Inspiration : The Sting (1973)

As an avid movie lover, one of the toughest question is to name my all-time favorite movie. Certainly, it seems almost impossible to pick my all-time favorite; however, the up-lifting opening sequence of The Sting (1973) will always have a special place in my heart.

This Oscar winning crime comedy is the story of 2 con artists; the young and fearless Hooker played by Robert Redford, and the old and experienced Henry played by Paul Newman. Both conmen seek revenge on a Chicago mobster, Lonnegan, who murdered one of their mutual fellows. In spite of the opposing characteristics, 2 conmen show chemistry and plan the biggest set-up to win their money back from Lonnegan.

Without spoiling too much, the theme of this classic is take small losses, but never miss big wins.

This inspired me to answer a following question: Can machine learning understand the concept of accepting loss for the sake of large wins in the future?

Problems

Conventional supervised learning requires a set of inputs and labels. For example, a model predicts the optimal hands to play given a game state such as the amount of money you have and how strong your current hands are. This means we need to know the optimal actions to take given the input even before training the model.

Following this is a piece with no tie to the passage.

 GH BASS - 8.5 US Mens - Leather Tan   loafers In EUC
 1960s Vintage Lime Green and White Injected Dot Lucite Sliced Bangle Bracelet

The challenge of our situation is that we don't know the optimal solution when we start the simulation. This means, our model needs to explore the environment without any previous knowledge and develop the strategy through their experiences. This technique is called reinforcement learning, and we are going to simulate the situation of accepting loss for the larger win using this concept. For this purpose, I concluded that the card game baccarat and the discovery of the optimal betting strategy would be a perfect simulation.

Why Baccarat

Baccarat is one of the simplest games in casino. The twist is that you don't even need to know how to play. Players only need to guess the winner of the next game and bet on it. There are only 3 options: player wins, banker(dealer) wins, or they tie. If a player guesses correctly, he/she will get the money back based on how much he best. There are mainly two reasons why I chose this particular environment.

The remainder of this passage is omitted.